Please repeat each line from the one holding "奇迹暖暖7.5.0版本开启_奇迹暖暖3月20日更新公告" through the final line of the data, exactly as it stands, with no pictures.

^^^^^^^^^^^^^^^^

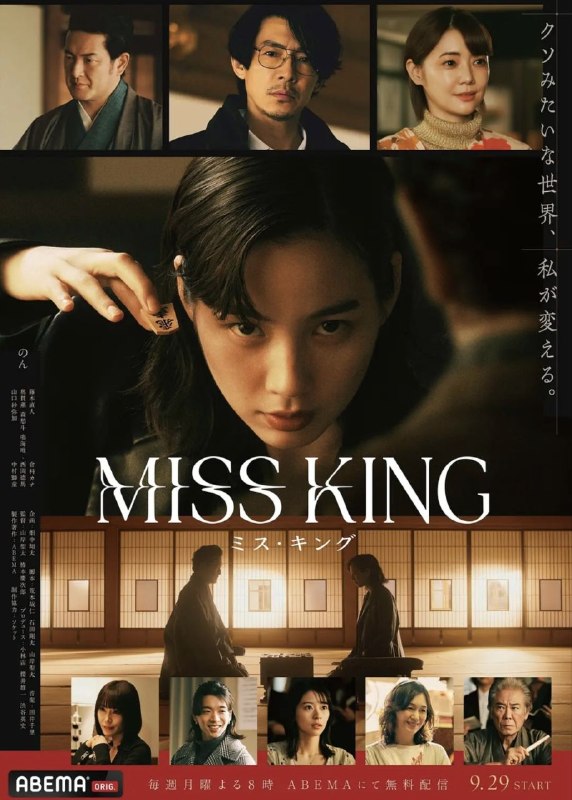 王将英雌 (2025) 1080P 全集 内封简中字幕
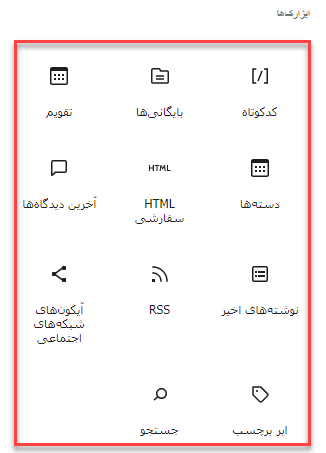 ابزارک های گوتنبرگ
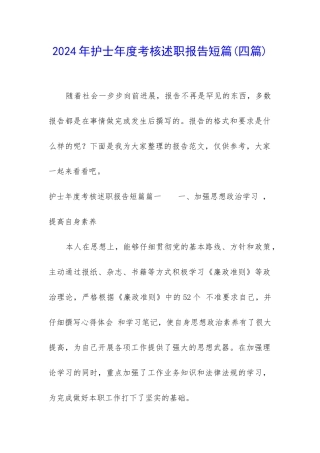 2024年护士年度考核述职报告短篇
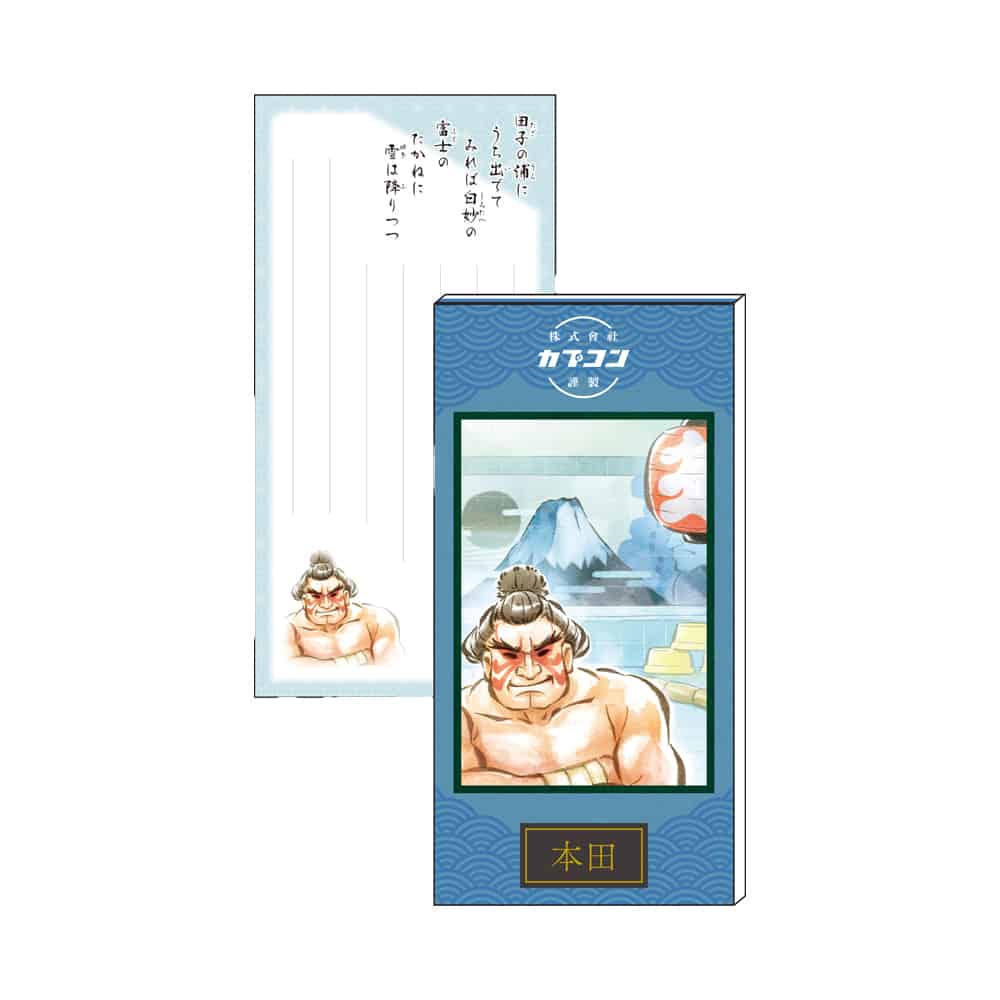 CAPCOM STORE 【CAPCOM CREATORS LABEL】 カプコンファイティング百人一首 メモ付箋(本田) カプコンファイティング百人一首 メモ付箋(本田) 2000016771008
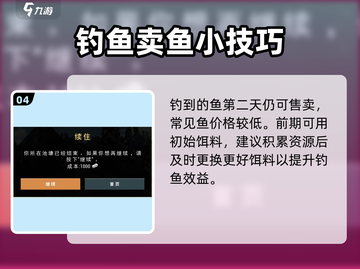 钓鱼星球💥超简单换鱼饵攻略🐟截图5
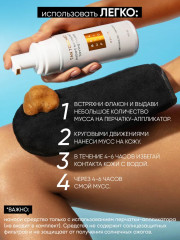 Мусс-автобронзант для тела «Tan Touched» - Фото 4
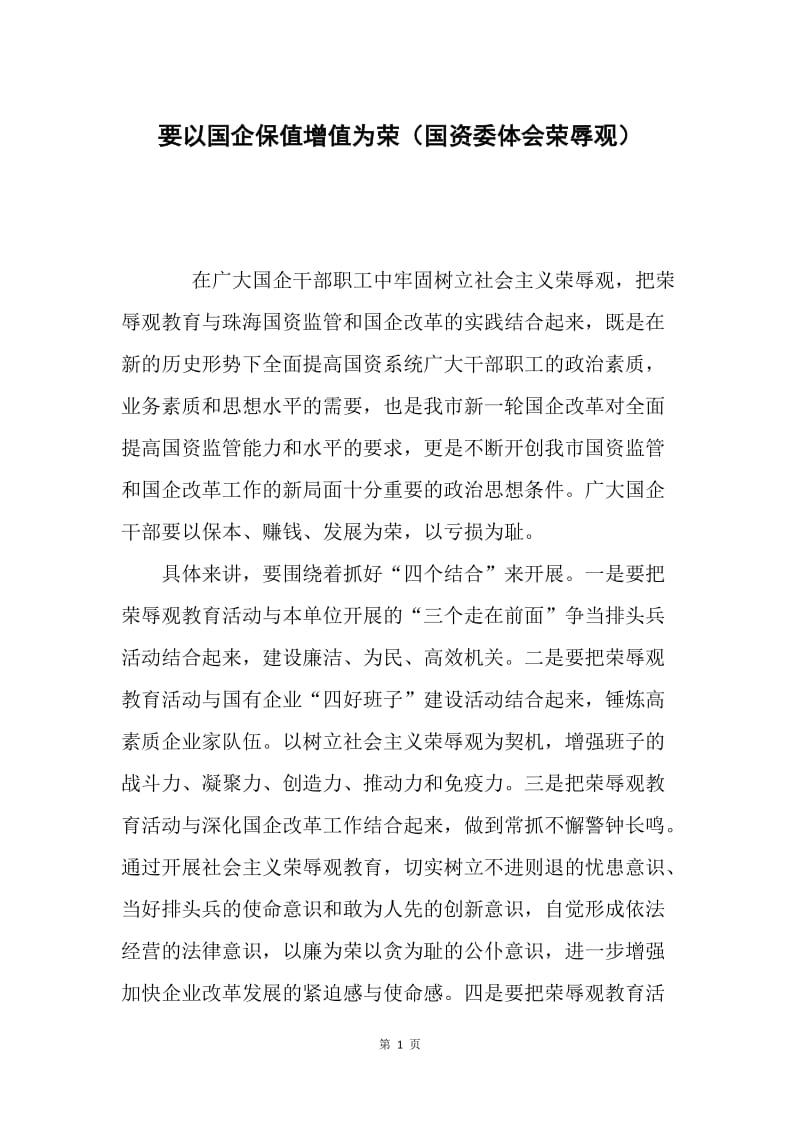 要以国企保值增值为荣（国资委体会荣辱观）.docx_第1页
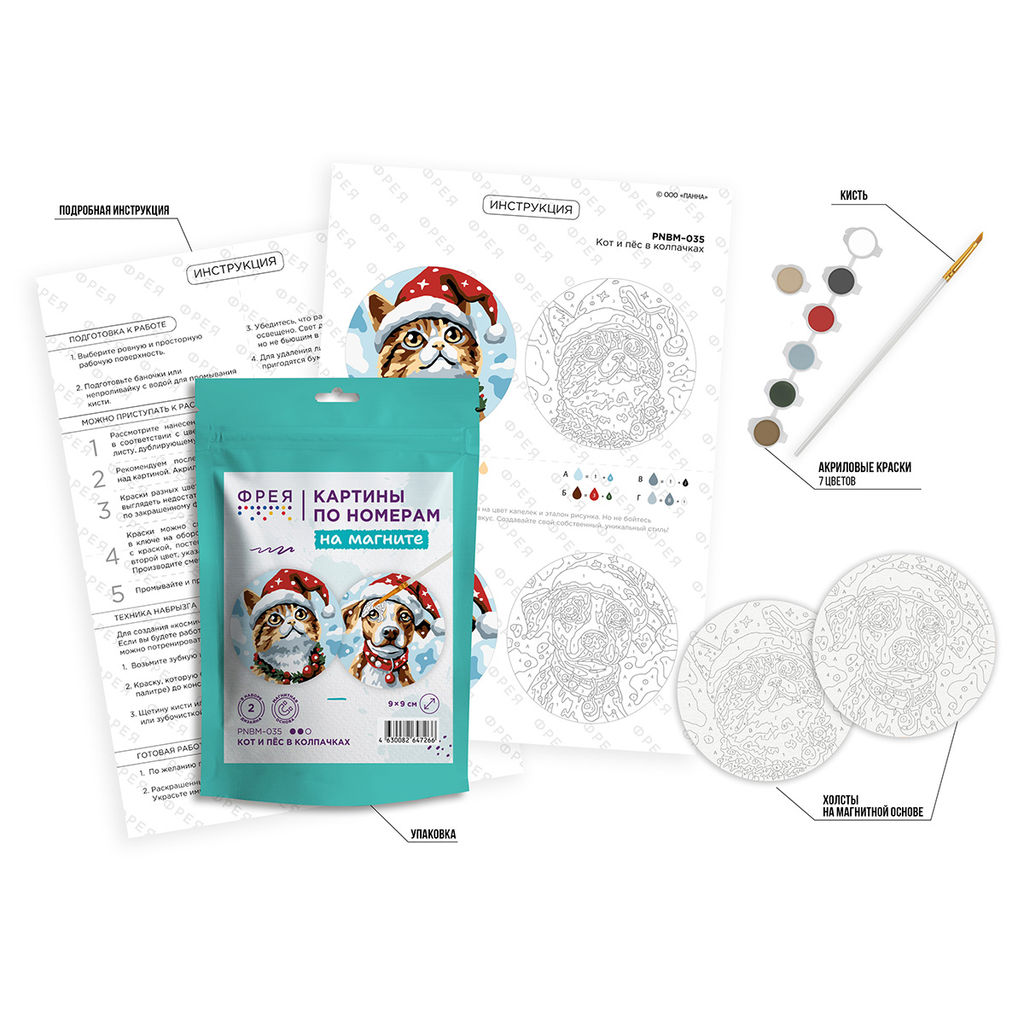 ФРЕЯ PNBM-035 Набор для раскрашивания по номерам (на магните) 9 х 9 см Кот и пёс в колпачках фото 4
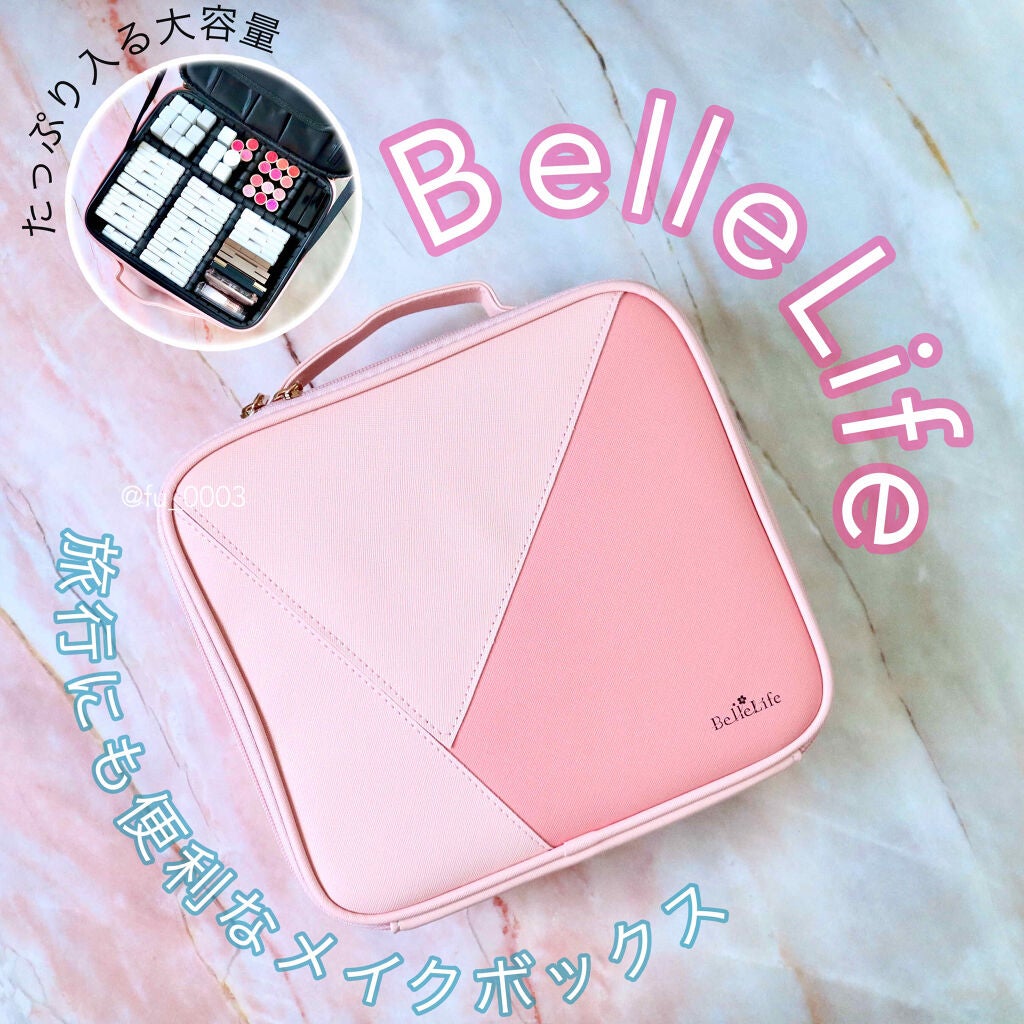 ふうか on LIPS 「たっぷり入る大容量&コスメが傷つかないBelleLifeのメイ..」(1枚目)
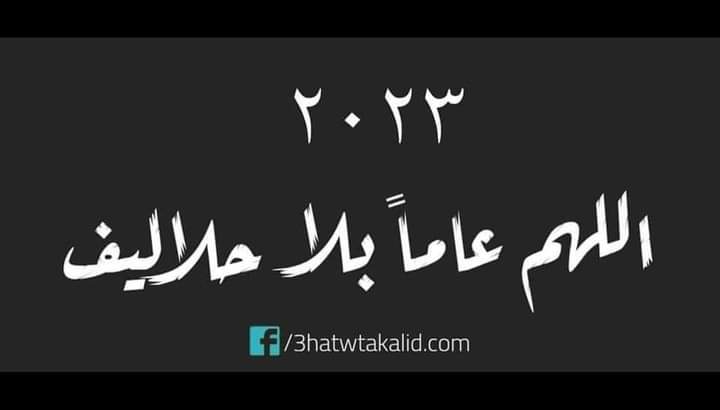 alshahreslam's tweet photo. https://t.co/kE81yPfdX7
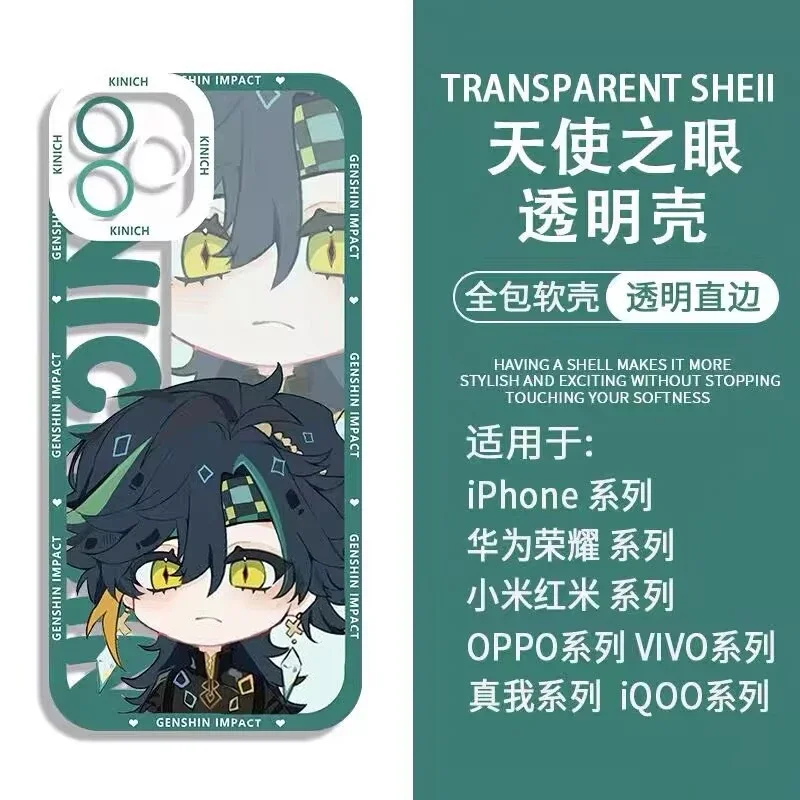 Genshin Impact Kinich Themed Phone Case Cover
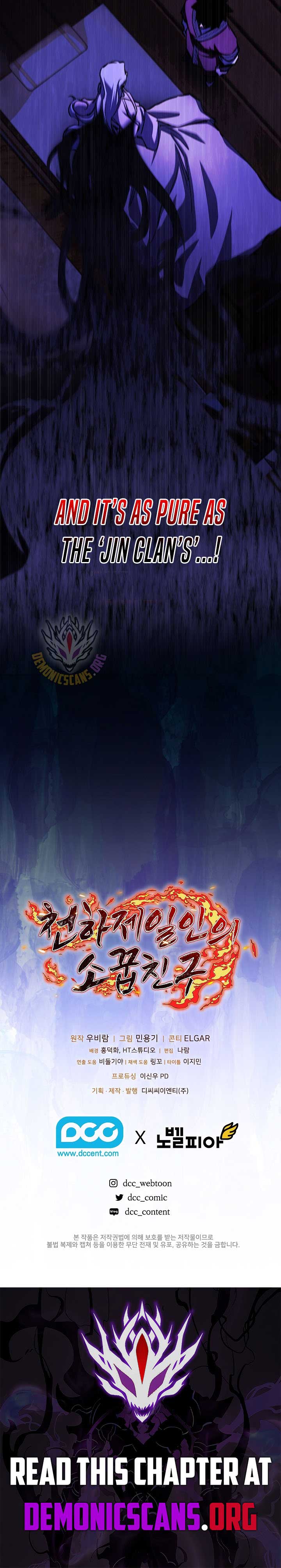 Childhood Friend of the Zenith Chapter 55 75 16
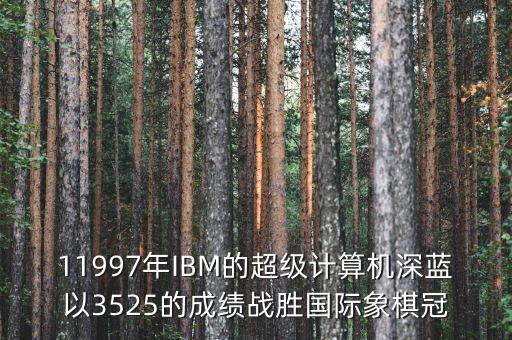 ibm將深藍(lán)第一次應(yīng)用與中國(guó)是什么時(shí)候，IBM是哪年進(jìn)入中國(guó)的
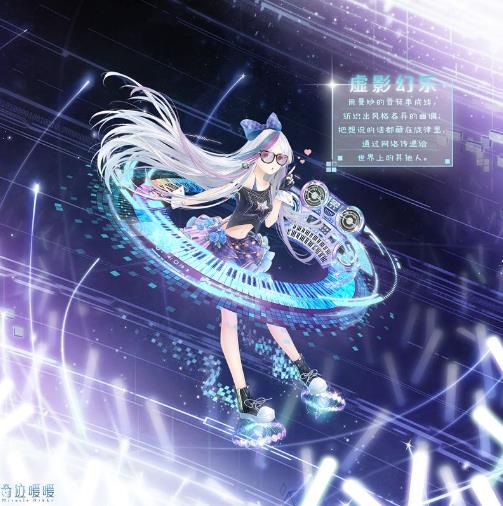 奇迹暖暖7.5.0版本开启_奇迹暖暖3月20日更新公告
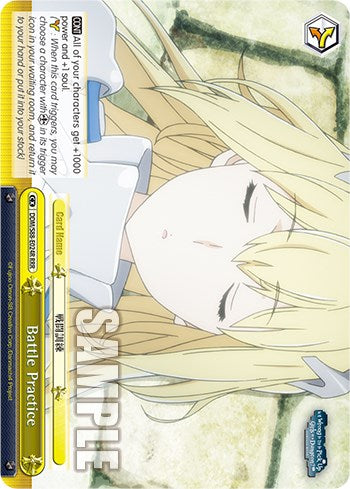 Battle Practice (DDM/S88-E024R RRR) [Is it Wrong to Try to Pick Up Girls in a Dungeon?] | Cracking-Singles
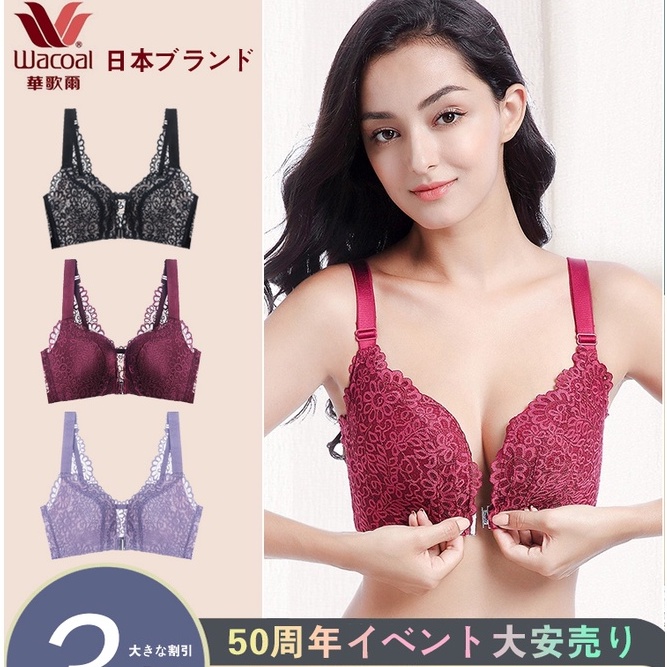 日本華歌爾 手工蕾絲內衣 前扣好穿脫 無鋼圈無束縛 精緻蕾絲 U型美背 立現優雅氣質 蝦皮購物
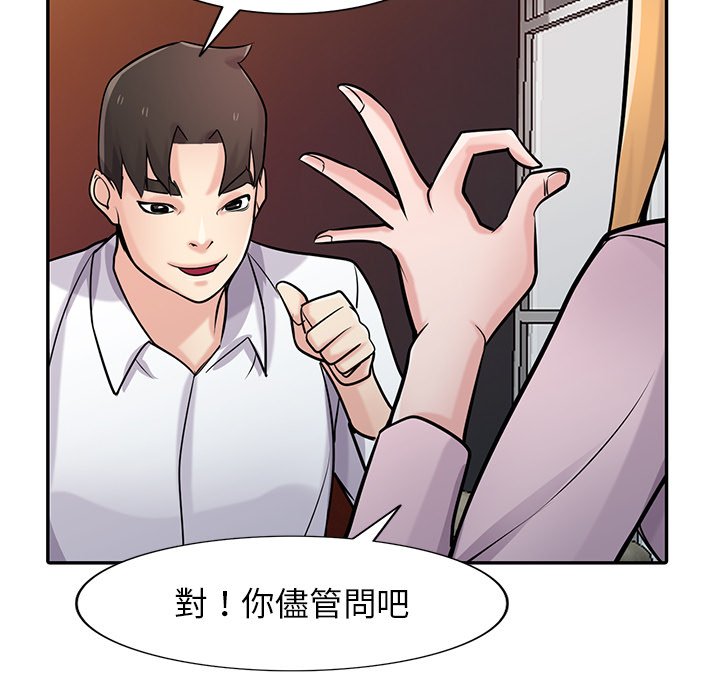 寄生姊夫家 第48章 第127页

^^^^^^^^^^^^^^^^

Problem solution:
 奇迹暖暖7.5.0版本开启_奇迹暖暖3月20日更新公告
 Battle Practice (DDM/S88-E024R RRR) [Is it Wrong to Try to Pick Up Girls in a Dungeon?] | Cracking-Singles
 日本華歌爾 手工蕾絲內衣 前扣好穿脫 無鋼圈無束縛 精緻蕾絲 U型美背 立現優雅氣質 蝦皮購物
 寄生姊夫家 第48章 第127页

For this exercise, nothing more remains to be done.